De fato, a adoção do conjunto de medidas aqui proposto não pode ter a

finalidade de fazer com que a população conviva melhor com risco: pelo contrário, a

primeira providência deve ser justamente o afastamento das pessoas dos locais de

risco de inundação, de modo a permitir que os fenômenos naturais sigam ocorrendo

sem causar danos a pessoas ou patrimônios.

Os tradicionais instrumentos estruturais de intervenção na malha hídrica,

por fim, devem ser reservados àquelas excepcionais – mas reais – hipóteses em

que a ocupação de áreas inundáveis esteja inexoravelmente consolidada, como nos

casos em que cidades inteiras se estabeleceram às margens de rios e, isto posto,

resta apenas o caminho da mitigação e do afastamento dos riscos de forma artificial.

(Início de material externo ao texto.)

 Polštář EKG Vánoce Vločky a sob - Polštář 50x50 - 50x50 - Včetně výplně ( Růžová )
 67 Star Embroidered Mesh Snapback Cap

Nesse sentir, uma eficiente gestão dos riscos de inundação deve envolver

o planejamento e a adoção de políticas, estratégias, instrumentos e medidas com

vistas a prever, controlar e diminuir os efeitos adversos de fenômenos perigosos

sobre a população, os bens e serviços e o meio ambiente. A atuação deve implicar

intervenções sobre as causas da vulnerabilidade a desastres e desenvolver um

amplo programa de adaptação de políticas, estratégias e práticas – tudo de modo a

controlar o risco de inundações (sempre existente, ainda que residual) respeitando a

dinâmica do meio e com foco na prevenção e redução dos danos.